Modern Webhooks Metrics

sub_postback: type label with potential value send_message

Example:

sub_postback_duration_seconds_bucket{le="30", type="send_message"} 1

Legacy Postback Metrics

api_postback: operation label with potential values import_results and reg_rollup

Example:

api_postback{le="30", operation="import_results"} 1

The LRS

The performance of Engine's LRS can also be monitored. The metrics reporter uses the method label to differentiate the different xAPI resources being requested. For a detailed description of each of these endpoints, please refer to the xAPI spec. The values currently used for the method label are:

activities
activities_profile
activities_state
actors
actor_profile
extended_actions
statements

Example:

xapi_requests_duration_seconds_bucket{method="activities", le="0.01"} 17

xAPI Requests by Version

xAPI requests are tracked by version and sorted into three seperate buckets (listed below). These metrics include a method label for what HTTP method was used for the request and a path label to specify what xAPI URL path was hit.

xapi__v0_9_requests
xapi__v0_95_requests
xapi__v1_0_x_requests

Here's what the metric for accessing GET activities/state with xAPI 1.0 or above might look like:

xapi__v1_0_x_requests{path="activities/state", method="get"} 1

Statement Pipe Metrics

We monitor each xAPI statement pipe individually. You can see the IDs of your statements pipes using the /xapi/pipes resource. You can then monitor a specific pipe by matching its ID to the value of the pipe_id label:

xapi_statement_pipe_processing_duration_seconds_bucket{le="0.01", pipe_id="0374c238-e5d8-4361-97e7-e5612e1acf18"} 0

xAPI Metadata Fetching

Every time Engine fetches metadata for an activity, it's logged under the xapi_metadata_fetches_total meter.

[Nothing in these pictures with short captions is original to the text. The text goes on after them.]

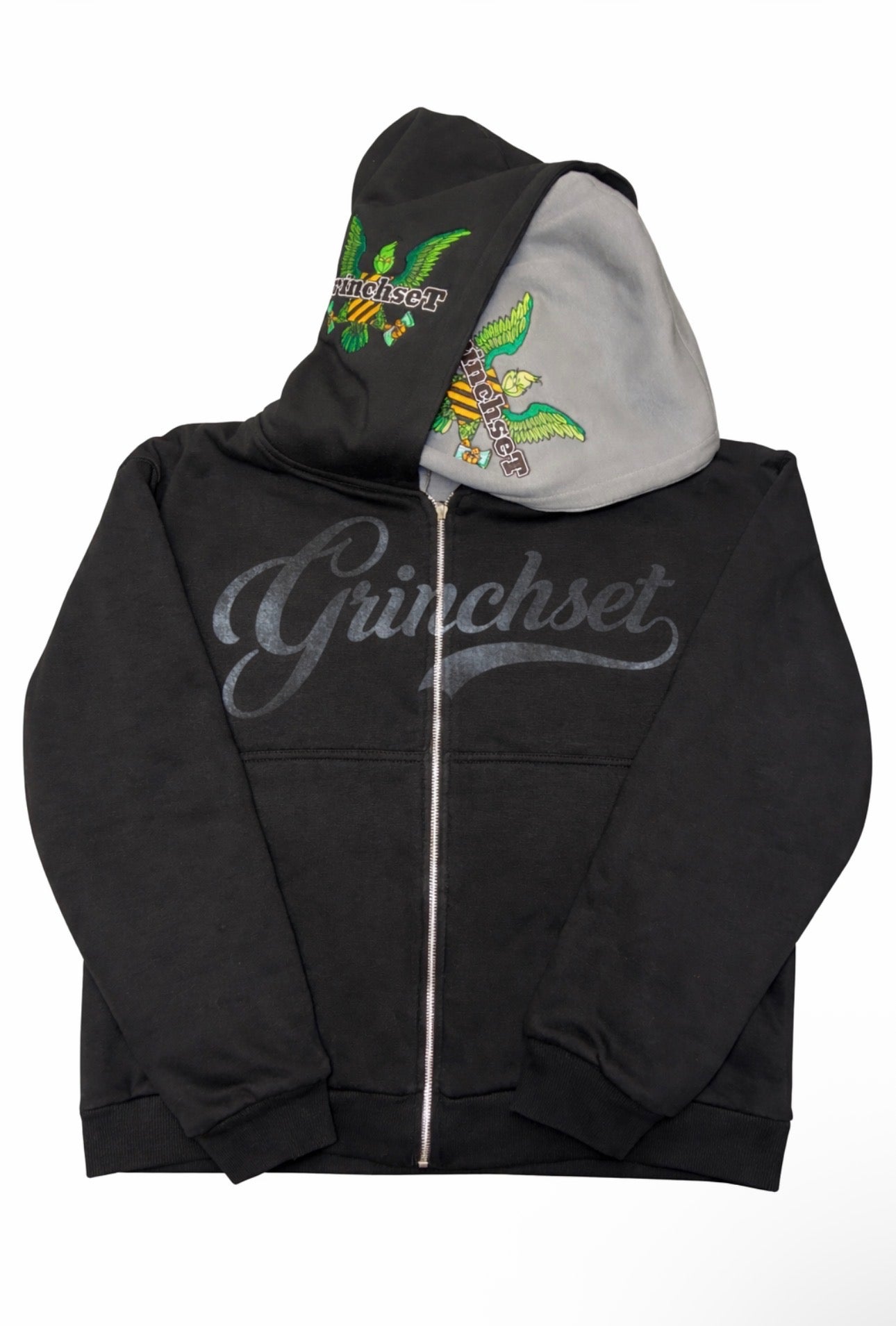 Double Hooded Grinchset Hoodie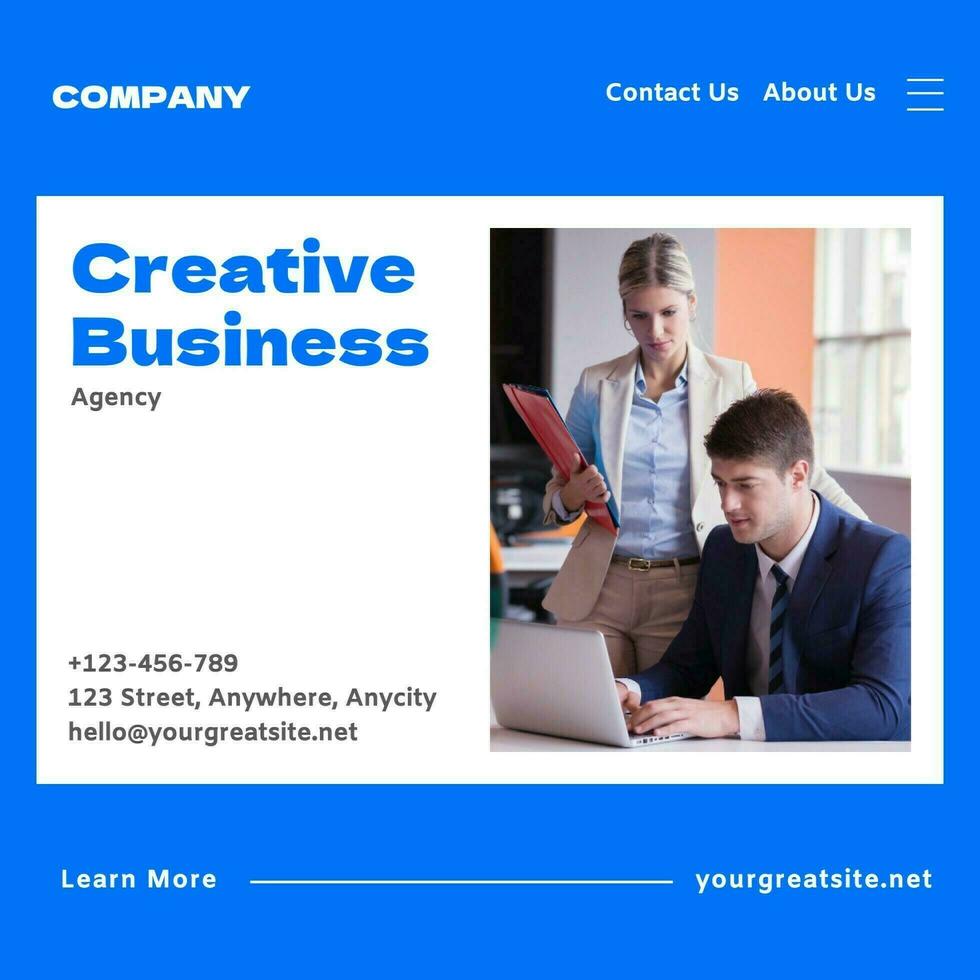 Creative Business Agency Instagram Post template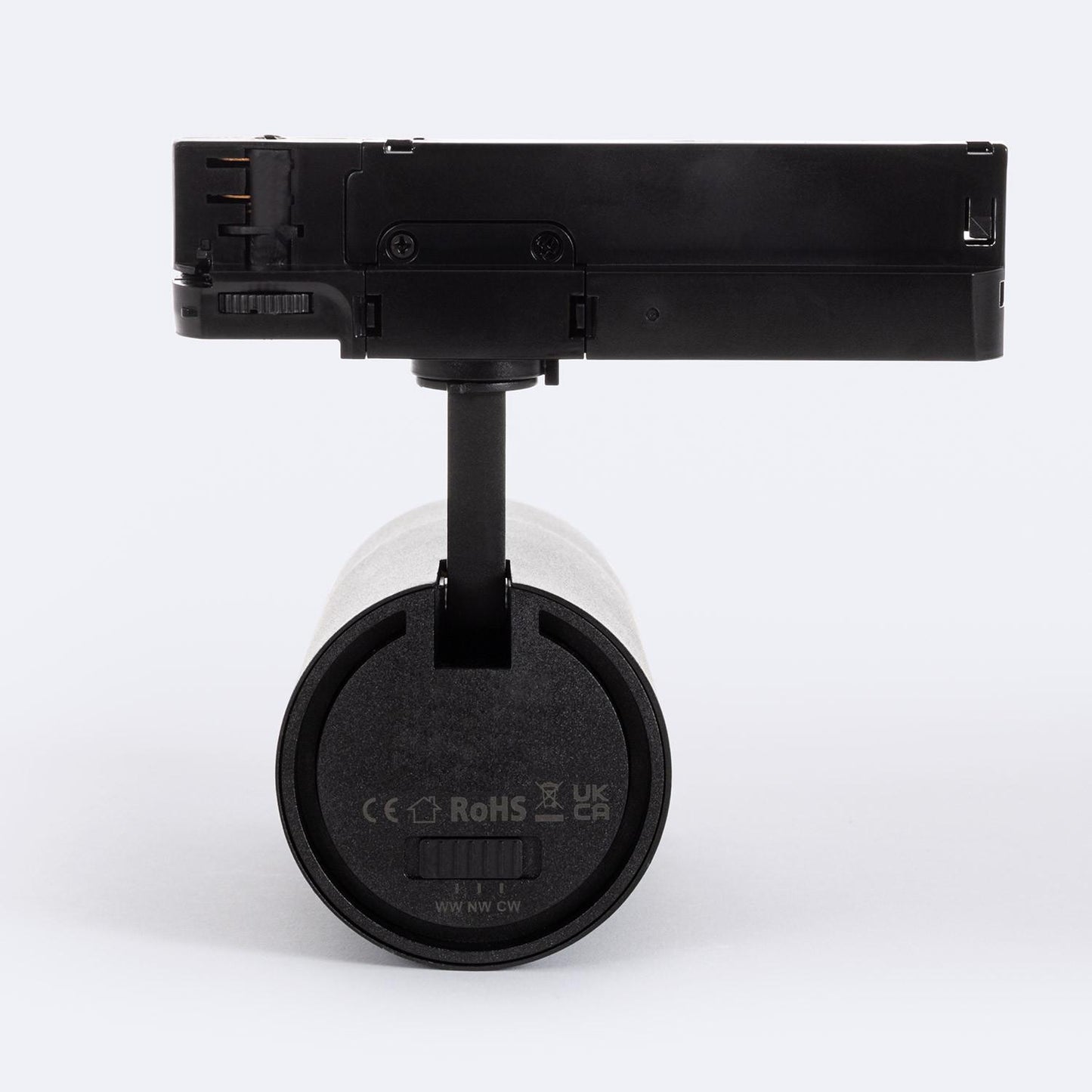 Spot LED sur Rail Triphasé 30W, Orientable, IP20, Noir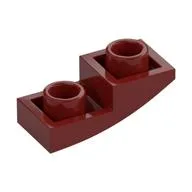 Brick Curved Inverted 2 x 1, Dark Red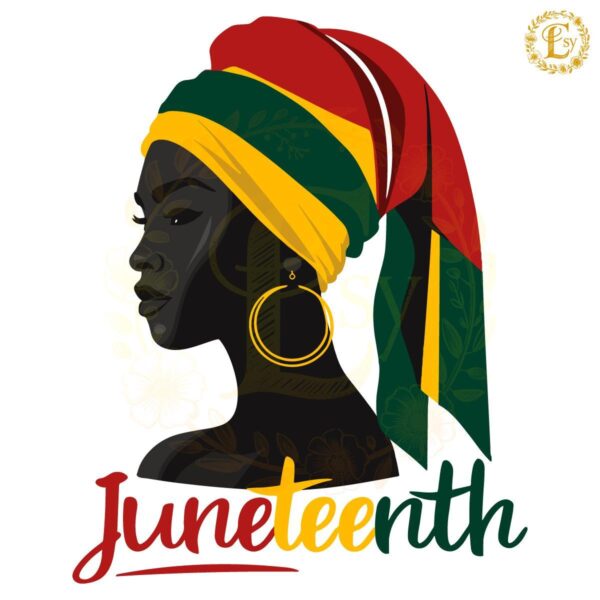 Retro Black Woman Juneteenth 1865 SVG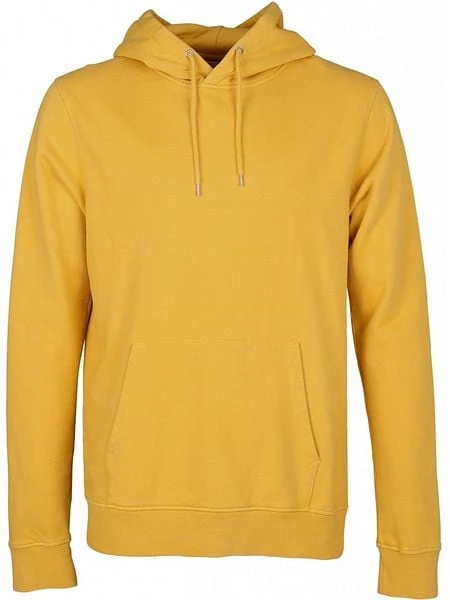 Colorful Standard Organic Hoodie Geel - Afbeelding 3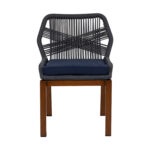 Σετ 4 τεμαχιών Καρέκλα Κήπου ArteLibre LISBON Μπλε/Μπαμπού Αλουμίνιο/Ύφασμα 50x58x77cm - Image 8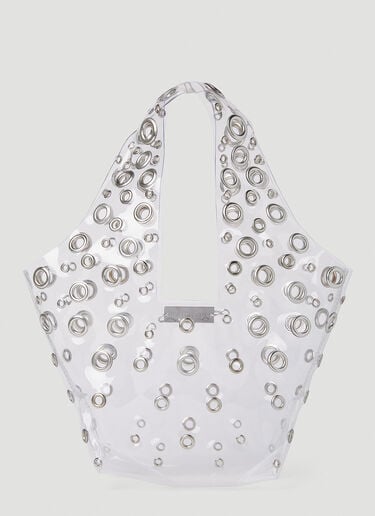 Grommet Tote Bag Rabanne Grommet Tote Bag Transparent pac0252043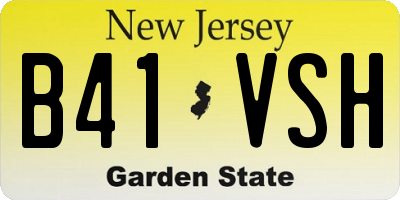 NJ license plate B41VSH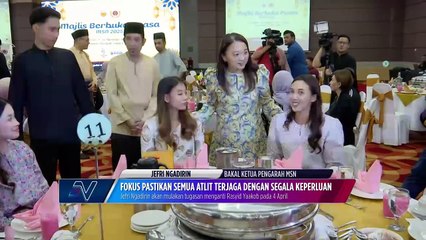 Jefri Ngadirin azam pastikan kebajikan dan keperluan atlit terjamin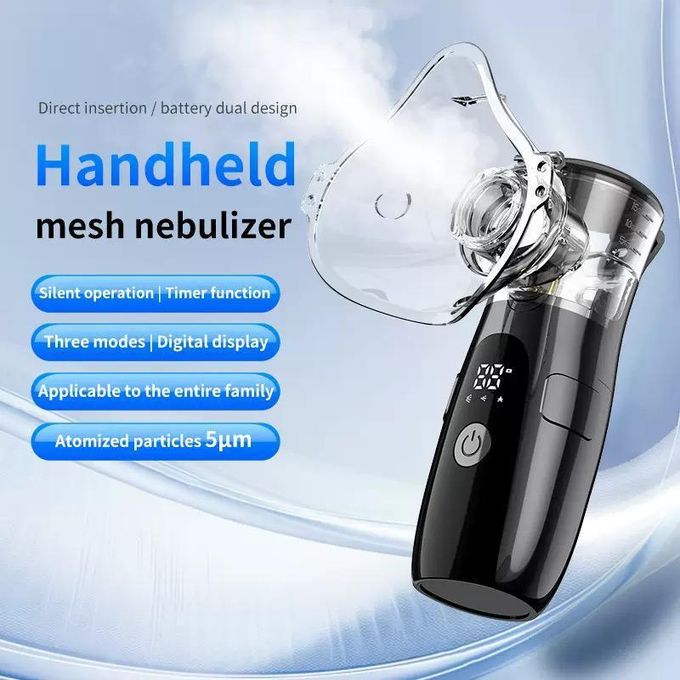 Portable Mesh Nebulizer And Nasal Inhaler For Chest Congestion & Cold Relief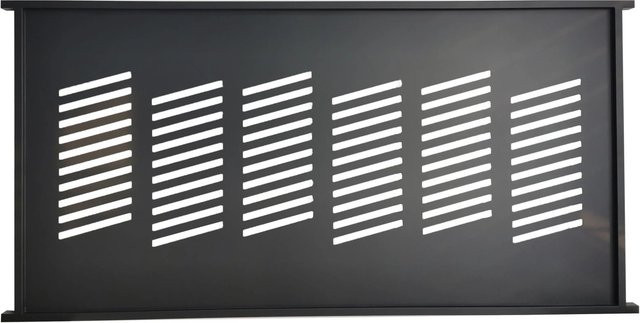 Aluminiumzaun Stockholm Zaunmatte pulverbeschichtet Anthrazit B/H: 200 x 100 cm - Bild 1
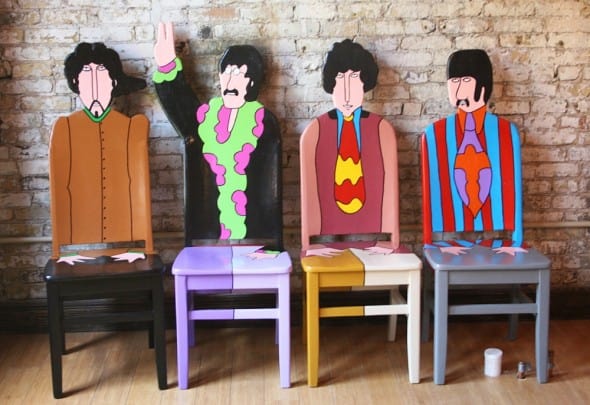 Fendos Art The Beatles Yellow Submarine Chairs Buy Beatles Collectible Fendos Art The Beatles Yellow Submarine Chairs Buy Beatles Collectible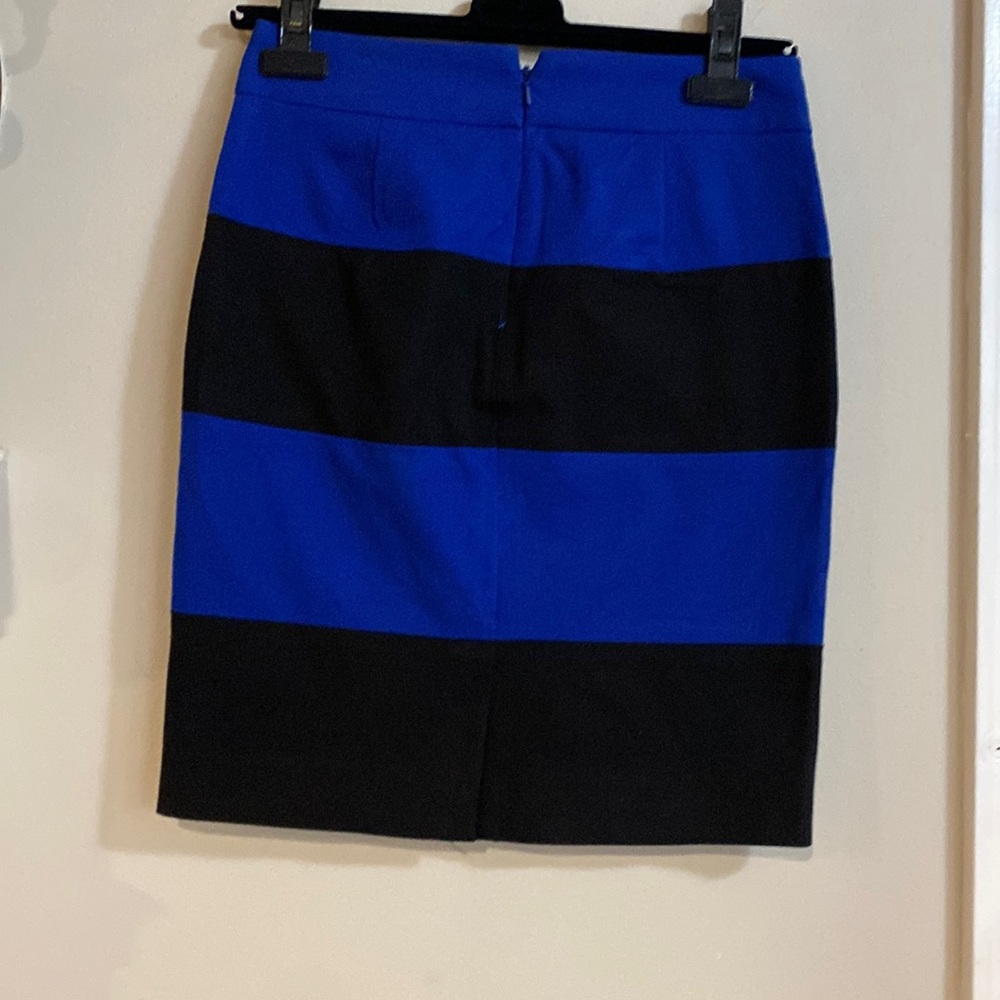 Banana Republic black and blue pencil skirt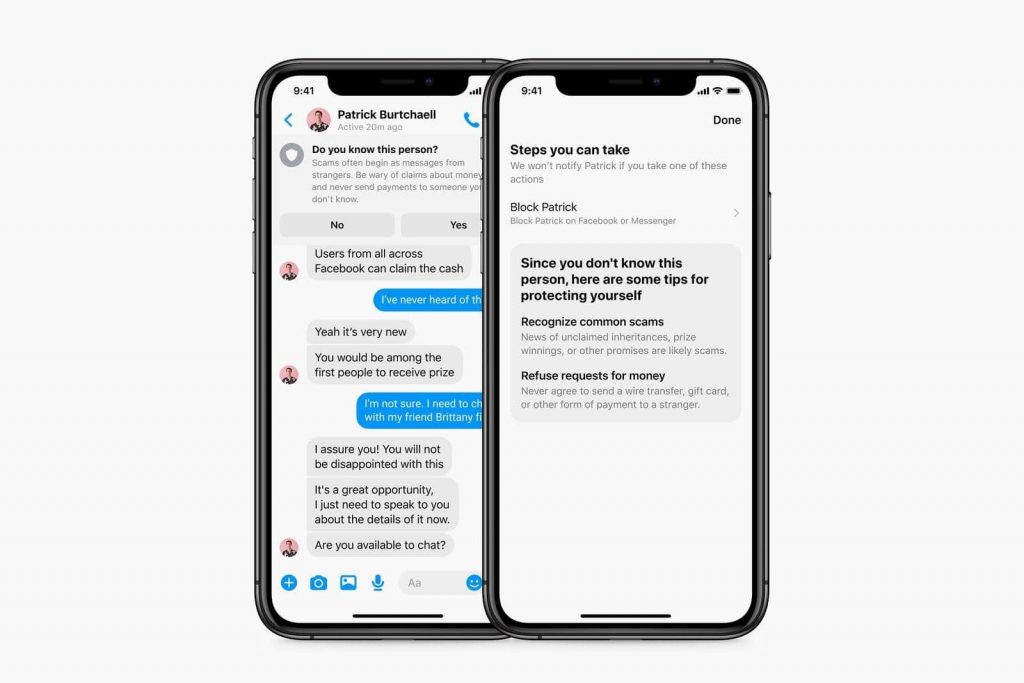 Facebook detect suspicious communication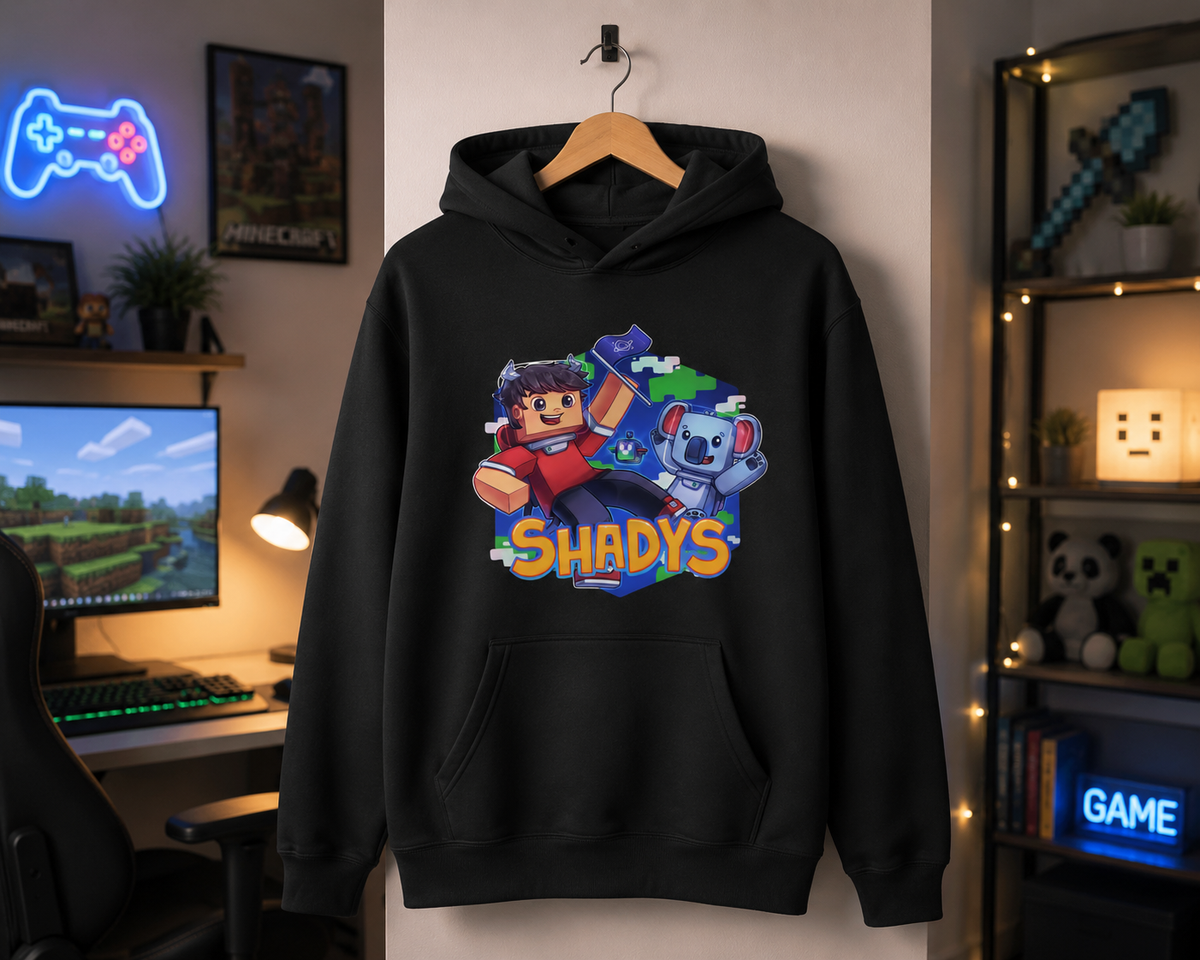 ShadysMC Shadys Koala Hoodie - Sort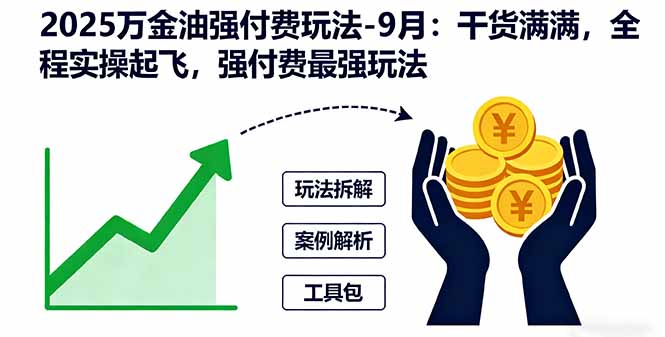 (16202期)2025万金油强付费玩法-9月:干货满满,全程实操起飞,强付费最强玩法|无忧资源社
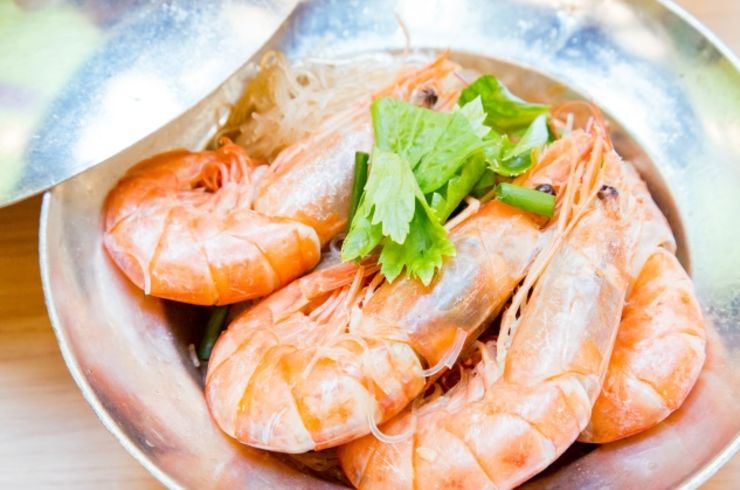 クンオブンセン（春雨入り海老蒸し）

This meter includes a label titled fetch_type with possible values: success_registry, success_other, tried_registry, tried_other, objStoreCached_registry, objStoreCached_other.

Example:

xapi_metadata_fetches_total{fetch_type="success_registry"} 9

Background Processors

Engine can have several processes running in the background performing different tasks, like processing event messages or forwarding xAPI statements. The list below contains a complete record of the metric names associated with our various processors.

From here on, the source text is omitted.